- Your instructions
Every line in the records below between the one holding "Man Shaving with an Electric Razor or Shaver" and the one holding "Twee groene apen", inclusive, is to be set down exactly; all other lines are to be left out.

- Task data
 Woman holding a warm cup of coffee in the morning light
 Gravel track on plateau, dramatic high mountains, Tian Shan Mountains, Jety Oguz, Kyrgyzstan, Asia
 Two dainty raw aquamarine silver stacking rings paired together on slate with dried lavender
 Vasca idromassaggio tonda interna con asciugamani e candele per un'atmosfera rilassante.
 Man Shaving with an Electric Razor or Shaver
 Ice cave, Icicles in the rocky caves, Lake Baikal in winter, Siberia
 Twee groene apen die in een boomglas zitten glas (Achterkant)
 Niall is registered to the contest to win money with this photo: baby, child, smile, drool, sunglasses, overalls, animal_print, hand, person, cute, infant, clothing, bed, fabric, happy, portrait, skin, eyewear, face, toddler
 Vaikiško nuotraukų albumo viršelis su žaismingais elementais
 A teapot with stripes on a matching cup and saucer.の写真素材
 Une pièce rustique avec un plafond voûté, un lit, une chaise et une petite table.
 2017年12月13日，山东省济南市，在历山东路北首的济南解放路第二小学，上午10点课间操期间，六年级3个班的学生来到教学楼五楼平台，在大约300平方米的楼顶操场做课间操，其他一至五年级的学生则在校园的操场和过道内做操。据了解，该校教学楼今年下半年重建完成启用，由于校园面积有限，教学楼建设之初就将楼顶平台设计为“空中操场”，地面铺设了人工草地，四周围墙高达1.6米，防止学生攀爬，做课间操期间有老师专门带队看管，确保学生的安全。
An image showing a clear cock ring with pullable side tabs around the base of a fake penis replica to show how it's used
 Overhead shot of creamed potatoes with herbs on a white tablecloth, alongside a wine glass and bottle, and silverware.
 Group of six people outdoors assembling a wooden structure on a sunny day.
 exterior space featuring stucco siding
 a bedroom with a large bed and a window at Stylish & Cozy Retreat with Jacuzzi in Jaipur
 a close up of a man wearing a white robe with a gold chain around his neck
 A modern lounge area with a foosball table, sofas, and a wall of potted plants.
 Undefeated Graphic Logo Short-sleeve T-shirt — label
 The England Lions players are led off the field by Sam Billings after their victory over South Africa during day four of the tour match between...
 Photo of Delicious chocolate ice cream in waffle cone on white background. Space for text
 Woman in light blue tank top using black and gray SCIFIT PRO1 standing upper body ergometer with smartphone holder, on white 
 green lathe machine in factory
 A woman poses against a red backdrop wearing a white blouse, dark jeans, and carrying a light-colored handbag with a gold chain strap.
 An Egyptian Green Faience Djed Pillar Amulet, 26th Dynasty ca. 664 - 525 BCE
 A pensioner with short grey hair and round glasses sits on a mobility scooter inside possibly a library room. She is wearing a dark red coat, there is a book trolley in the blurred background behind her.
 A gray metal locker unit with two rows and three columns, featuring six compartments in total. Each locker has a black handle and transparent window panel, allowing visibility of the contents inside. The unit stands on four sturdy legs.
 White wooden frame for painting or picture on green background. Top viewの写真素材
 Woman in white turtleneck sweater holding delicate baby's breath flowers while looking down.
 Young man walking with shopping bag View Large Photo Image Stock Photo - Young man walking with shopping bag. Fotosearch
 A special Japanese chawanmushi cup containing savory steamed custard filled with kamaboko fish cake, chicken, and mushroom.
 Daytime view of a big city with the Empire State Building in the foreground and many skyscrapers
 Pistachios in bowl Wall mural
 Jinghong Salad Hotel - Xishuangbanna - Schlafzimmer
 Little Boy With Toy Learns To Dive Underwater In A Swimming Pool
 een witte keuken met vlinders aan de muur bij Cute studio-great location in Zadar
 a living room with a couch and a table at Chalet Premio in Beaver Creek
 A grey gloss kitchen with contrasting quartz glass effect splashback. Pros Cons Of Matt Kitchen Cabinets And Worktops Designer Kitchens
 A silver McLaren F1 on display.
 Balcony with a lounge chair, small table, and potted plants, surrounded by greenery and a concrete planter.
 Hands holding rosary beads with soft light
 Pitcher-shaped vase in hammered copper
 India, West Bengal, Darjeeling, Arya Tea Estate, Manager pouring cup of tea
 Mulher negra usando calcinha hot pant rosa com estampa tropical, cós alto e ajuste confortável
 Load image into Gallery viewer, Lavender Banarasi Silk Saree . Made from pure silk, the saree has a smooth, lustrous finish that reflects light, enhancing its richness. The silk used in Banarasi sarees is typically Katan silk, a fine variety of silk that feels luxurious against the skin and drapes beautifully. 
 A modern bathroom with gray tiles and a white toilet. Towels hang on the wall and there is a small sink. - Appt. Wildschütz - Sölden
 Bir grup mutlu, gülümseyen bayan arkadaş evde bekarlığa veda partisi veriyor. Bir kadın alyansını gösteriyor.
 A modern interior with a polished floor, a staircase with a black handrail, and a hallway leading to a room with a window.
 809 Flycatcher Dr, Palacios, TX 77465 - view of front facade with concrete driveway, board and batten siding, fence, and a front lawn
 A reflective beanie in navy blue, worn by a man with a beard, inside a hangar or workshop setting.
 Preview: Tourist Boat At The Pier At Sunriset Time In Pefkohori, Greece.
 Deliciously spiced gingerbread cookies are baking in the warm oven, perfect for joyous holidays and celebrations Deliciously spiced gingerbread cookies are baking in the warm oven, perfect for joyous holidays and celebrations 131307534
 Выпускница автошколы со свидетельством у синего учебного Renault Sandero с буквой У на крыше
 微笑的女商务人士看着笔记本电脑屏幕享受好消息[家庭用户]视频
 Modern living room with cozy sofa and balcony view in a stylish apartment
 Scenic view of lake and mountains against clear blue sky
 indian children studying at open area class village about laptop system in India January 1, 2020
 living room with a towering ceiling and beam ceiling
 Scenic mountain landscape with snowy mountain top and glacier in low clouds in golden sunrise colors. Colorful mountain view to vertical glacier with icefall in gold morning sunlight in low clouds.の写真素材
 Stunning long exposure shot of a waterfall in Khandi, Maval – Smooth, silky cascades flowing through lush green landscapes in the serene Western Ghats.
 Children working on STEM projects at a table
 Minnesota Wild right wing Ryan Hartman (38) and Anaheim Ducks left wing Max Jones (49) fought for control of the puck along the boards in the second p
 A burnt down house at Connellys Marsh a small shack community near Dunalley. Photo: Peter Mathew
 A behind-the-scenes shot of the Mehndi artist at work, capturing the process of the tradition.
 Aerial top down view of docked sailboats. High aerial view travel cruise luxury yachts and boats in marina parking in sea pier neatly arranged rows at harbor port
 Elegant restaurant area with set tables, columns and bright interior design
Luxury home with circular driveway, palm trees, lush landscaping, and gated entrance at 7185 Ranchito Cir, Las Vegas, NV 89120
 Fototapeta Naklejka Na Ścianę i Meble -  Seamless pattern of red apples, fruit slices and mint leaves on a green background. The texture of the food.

- Answer section
 Man Shaving with an Electric Razor or Shaver
 Ice cave, Icicles in the rocky caves, Lake Baikal in winter, Siberia
 Twee groene apen die in een boomglas zitten glas (Achterkant)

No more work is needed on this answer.